The glucose made in photosynthesis is used for:

• Respiration — to release energy.
• Converting into starch for storage (insoluble, so it does not affect osmosis).
• Producing cellulose to strengthen cell walls.
• Producing lipids (oils/fats) for storage in seeds.
• Combined with nitrate ions (absorbed from the soil) to make amino acids for proteins.

Respiration

Respiration is an exothermic reaction that occurs continuously in all living cells to release energy from glucose. It is not the same as breathing.

The energy released is used for:

• Movement (muscle contraction).
• Keeping warm (maintaining body temperature in mammals/birds).
• Building larger molecules from smaller ones (e.g. proteins from amino acids).

Energy is transferred and stored in a molecule called ATP.

Aerobic respiration

Uses oxygen and releases the most energy. Occurs in the mitochondria.

word equation: glucose + oxygen → carbon dioxide + water $$C_6H_{12}O_6 + 6O_2 \rightarrow 6CO_2 + 6H_2O$$

Anaerobic respiration

Occurs without oxygen, releasing much less energy because glucose is not fully broken down.

• In muscles: glucose → lactic acid. This happens during vigorous exercise when oxygen cannot be supplied fast enough.
• In plants and yeast: glucose → ethanol + carbon dioxide. In yeast this is called fermentation and is used to make bread and alcoholic drinks.

Response to exercise

During exercise the body needs more energy, so:

• Heart rate, breathing rate and breath volume increase to supply more oxygen and glucose to muscles and remove CO₂.
• If insufficient oxygen reaches the muscles, they respire anaerobically, producing lactic acid.

Oxygen debt

After exercise, the body needs extra oxygen to react with the built-up lactic acid and remove it (converting it back to glucose in the liver). This extra oxygen needed is the oxygen debt, which is why you keep breathing hard after stopping.

Required practical: investigating the effect of temperature on the rate of respiration in yeast (or measuring how exercise changes heart rate).

Metabolism

Metabolism is the sum of all the chemical reactions in a cell or the body. It includes:

• Converting glucose to starch, glycogen and cellulose.
• Forming lipids from glycerol and fatty acids.
• Using glucose and nitrate ions to form amino acids, then proteins.
• Respiration.
• Breaking down excess proteins to form urea for excretion.

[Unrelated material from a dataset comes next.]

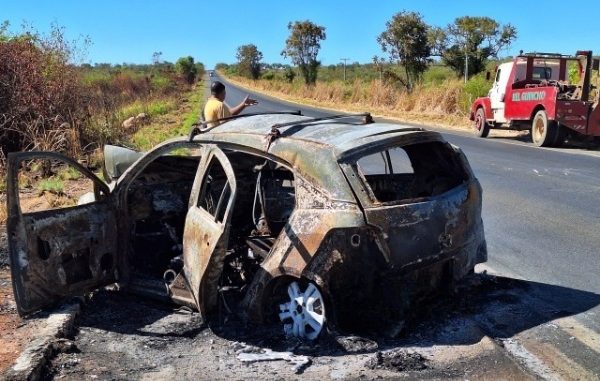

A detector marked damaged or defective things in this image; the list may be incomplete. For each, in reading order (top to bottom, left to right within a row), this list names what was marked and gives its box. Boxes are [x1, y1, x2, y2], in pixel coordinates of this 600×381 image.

burned car [5, 113, 488, 338]
charred car body [5, 113, 488, 338]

These reactions are controlled by enzymes and require energy from respiration.

Exam tips

• Learn both photosynthesis and respiration equations (word and symbol).
• Remember photosynthesis is endothermic and respiration is exothermic.
• For limiting-factor graphs, explain which factor is limiting at each part of the curve.
• Compare aerobic vs anaerobic respiration: oxygen used, energy released, and products.
• Don't confuse respiration (in cells) with breathing (gas exchange in the lungs).